Police said a 56-year-old woman, 60-year-old man and a five-year-old boy who were travelling in a separate car also died.
Those injured include a 10-month old baby who was flown to Starship Hospital in Auckland overnight in a critical condition.
Two girls aged 2 and 17, and a woman aged 66, all remained in Rotorua Hospital in a stable condition.
While the past week is hopefully a blip, the longer-run statistics of the past few years tell an incredibly sobering story. While the road toll halved between 2001 and 2013, since then it has increased significantly – as illustrated in a recent post by Sam Warburton:
This increase is occurring at a faster rate than population growth, or the growth in total vehicle travel. Another article by Sam highlights this point:
The fatality rate (deaths per kilometre driven across New Zealand) of car occupants is 41% higher in 2017 than it was in 2013.
Another way of looking at this is that, while New Zealand is driving 15% more as a country than in 2013, deaths are up 60%.
Had we kept fatality rates at 2013 levels, there would be about 80 fewer deaths than we expect there to be in 2017, and over 110 fewer since the end of 2013.
These changes are, in technical terms, statistically significant.
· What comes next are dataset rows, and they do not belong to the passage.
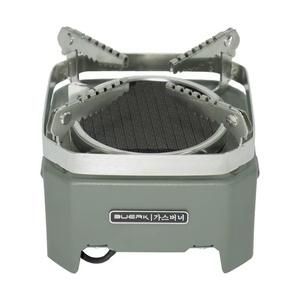 Bubik Grote Brandvermogen Winddichte Energiebesparende Buiten Camping Infrarood Butaan Split Cassettebrander met Ontsteking Groothandel - Product Image 6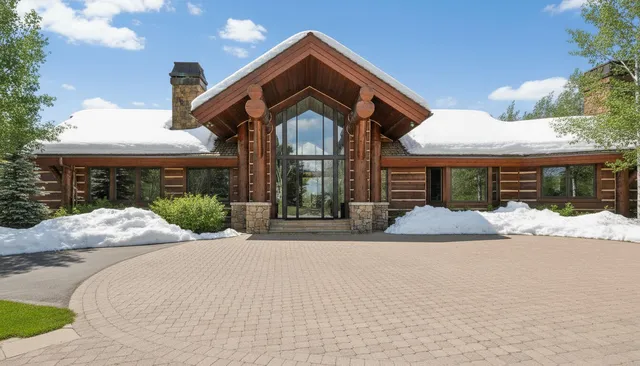 $14,500,000 | 161 Stonegate Circle, Blaine County, ID 83340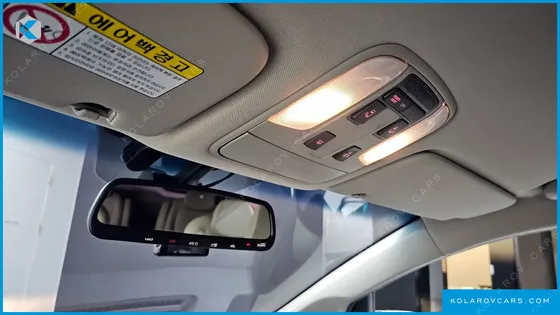 KIA CARNIVAL 9-SEATER LUXURY
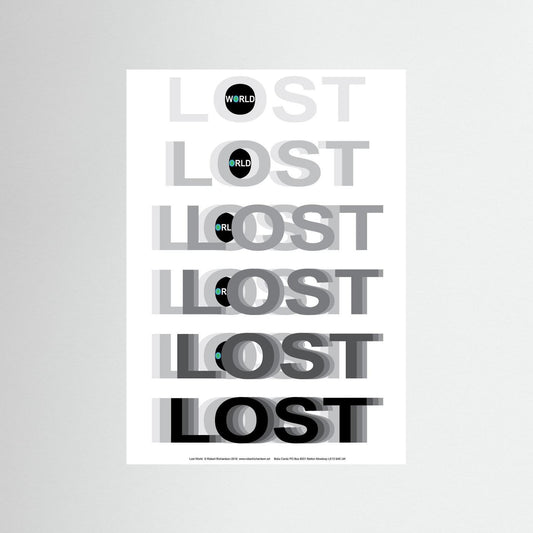 Lost World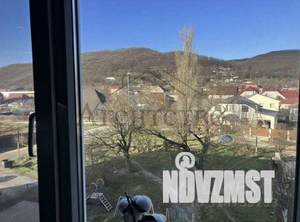 2-к квартира, вторичка, 50м2, 4/5 этаж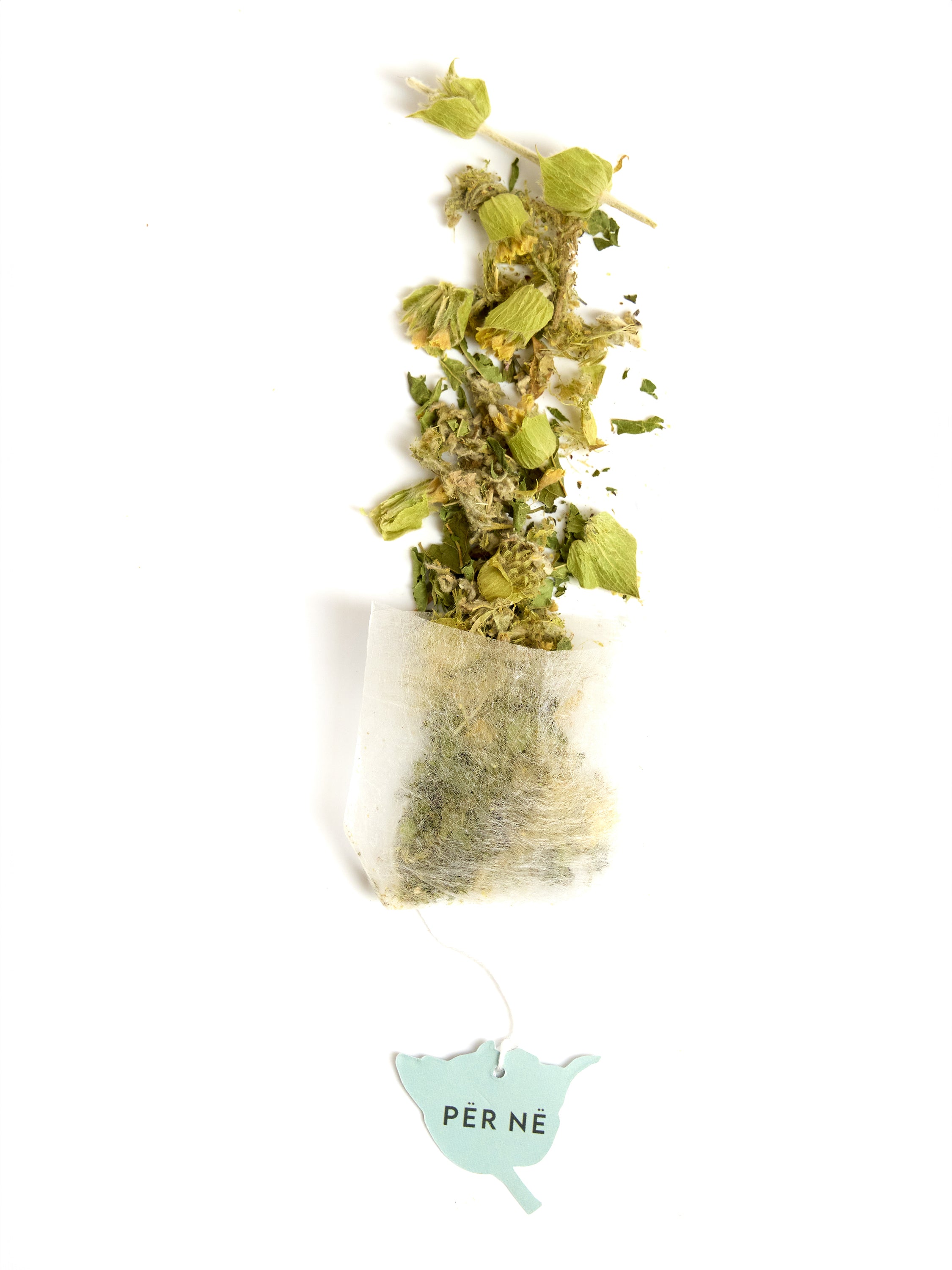 Inner Radiance Tea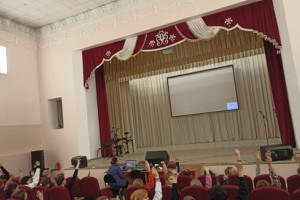  «Промыслы России».	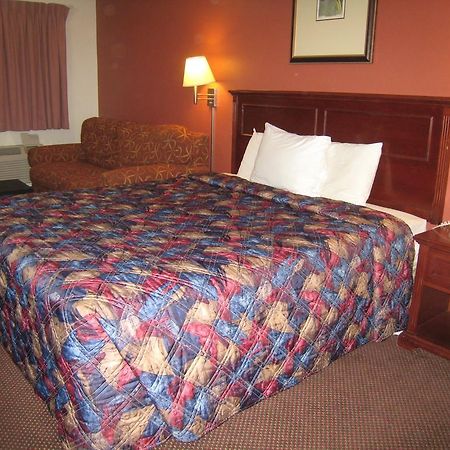 Motel 8 Maricopa Экстерьер фото
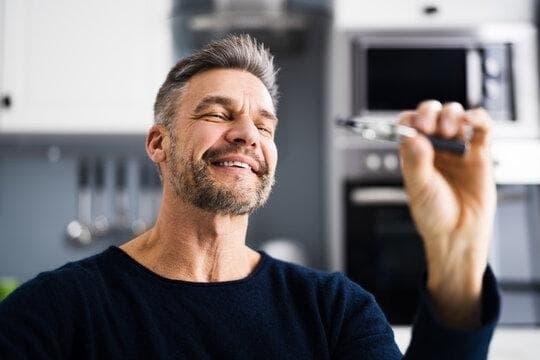 kinex e zigarette und e-cigaretta im Praxisvergleich – Kaufberatung, Geschmackstest und Pflegetipps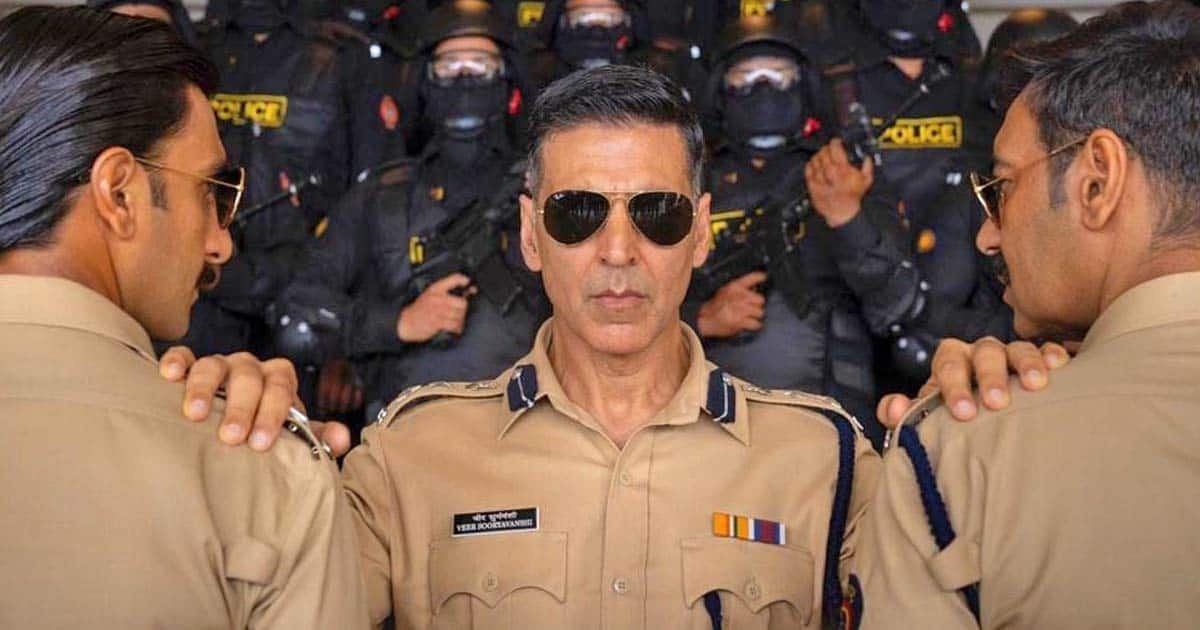 Sooryavanshi Box Office Day 28: Akshay Kumar Starrer Crosses 191 Crores,  Has Next Major Target Of 195 Crores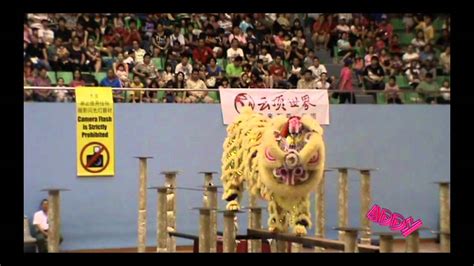 Explore a wide range of the best dance lion on aliexpress to find one that suits you! 15th Malaysia Lion Dance championship 2011 - YouTube
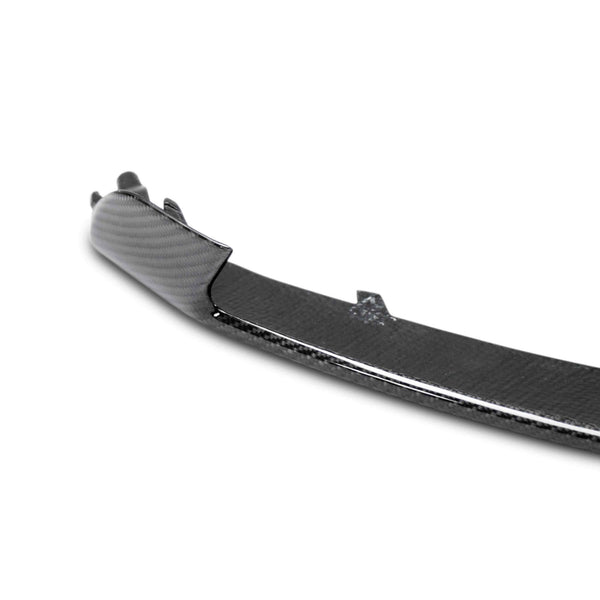 Anderson Composites 15-20 Ford Mustang GT350/GT350R Carbon Fiber Turn Signal Bezels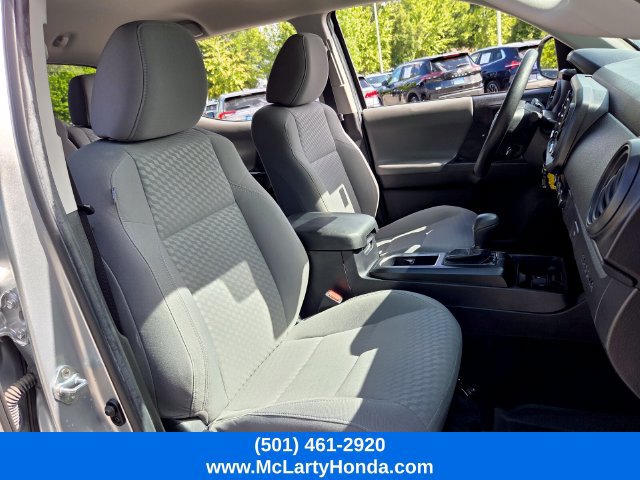 Used 2023 Toyota Tacoma SR AWD/4WD image 19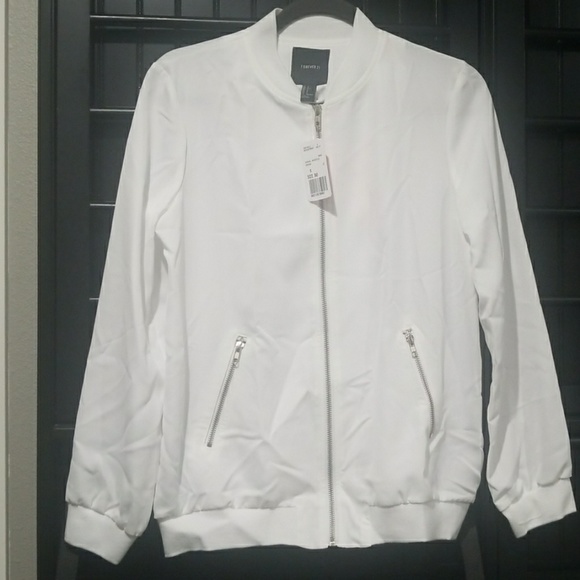 NEW Jacket - Picture 1 of 3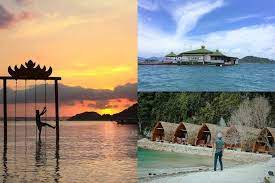 Lampung merupakan sebuah provinsi di pulau sumatera. 14 Destinasi Wisata Bandar Lampung Dan Sekitarnya Yang Mempesona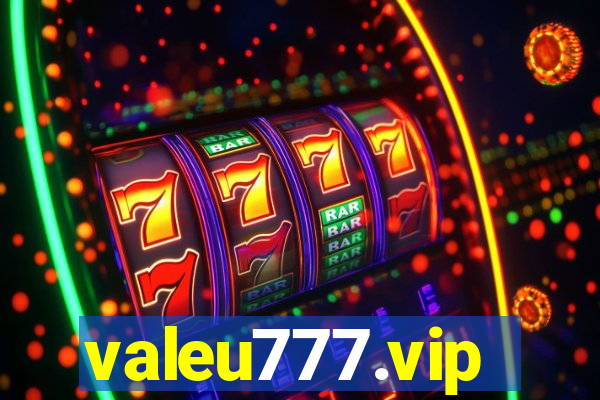 valeu777.vip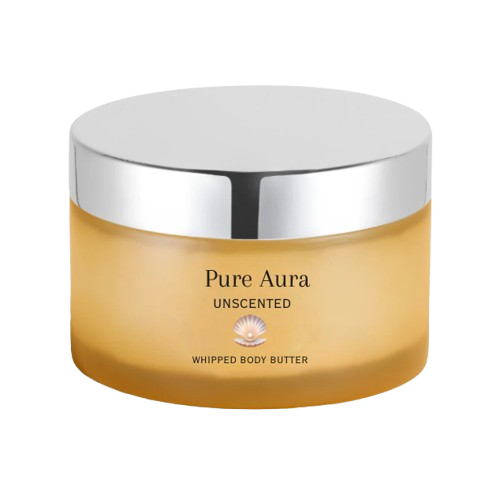 Velvet Skin Butter (Unscented)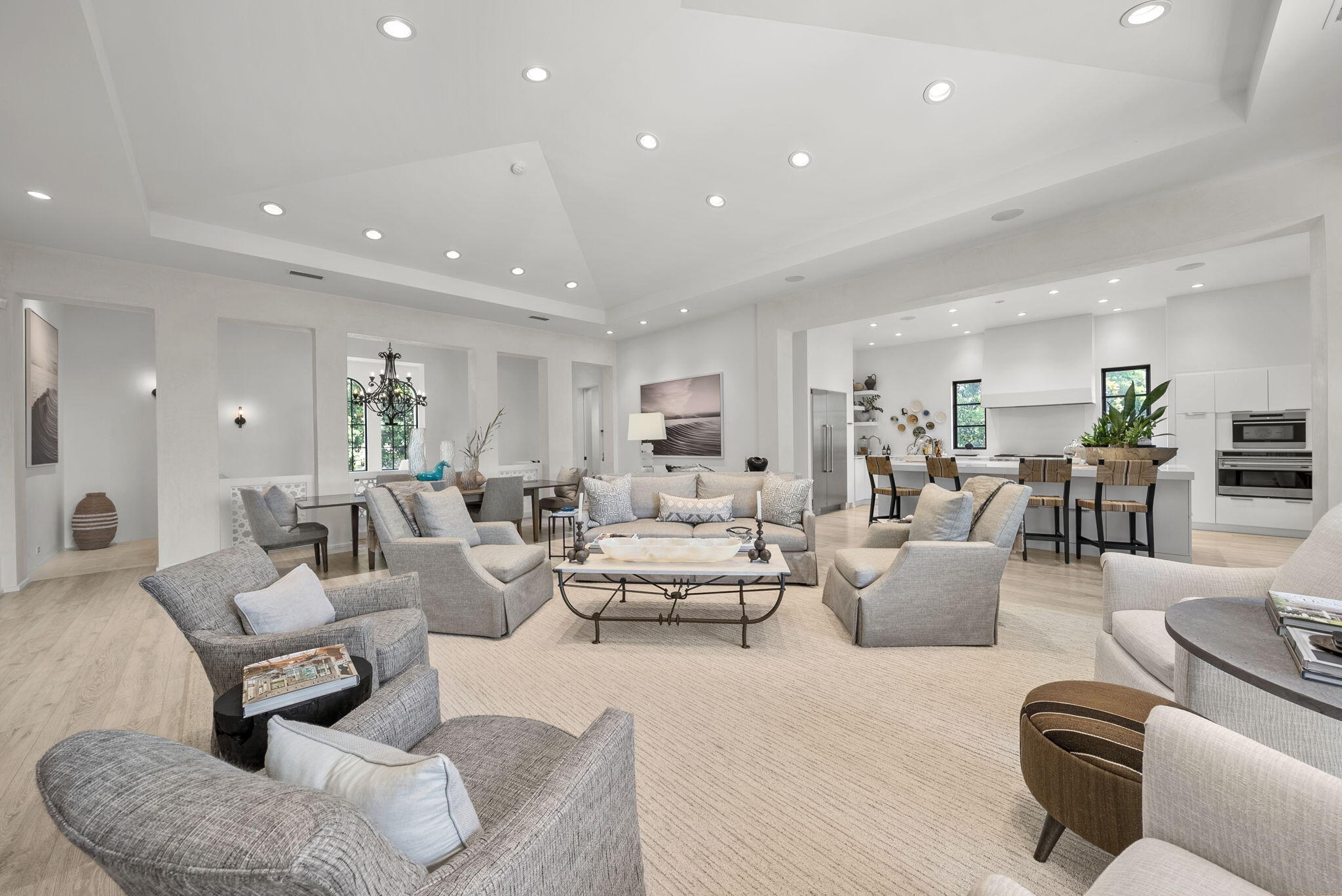REDFISH LANE - Residential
We can have greater than 99% confidence that the road toll is up.
This increase in the road toll is a tragedy, particularly as since the mid-1970s we have been incredibly successful in reducing the road toll, despite massive increases in population and total travel. In short, what previously worked is clearly no longer working. Improvements in vehicle safety, education, enforcement and safe infrastructure improvements led to a massive decline in the “fatality rate” over this time. There’s some good historic data on the Ministry of Transport’s website which highlights how successful these efforts were, until recently:
The estimated economic impact of crashes on our roads in 2015 was a staggering $3.8 billion and with volumes having increased since then, it’s likely to be even higher now. With the cost of congestion in Auckland being around $1 billion a year – and most of the country’s congestion being in Auckland – it is clear the economic impact of crashes is much bigger than the cost of congestion.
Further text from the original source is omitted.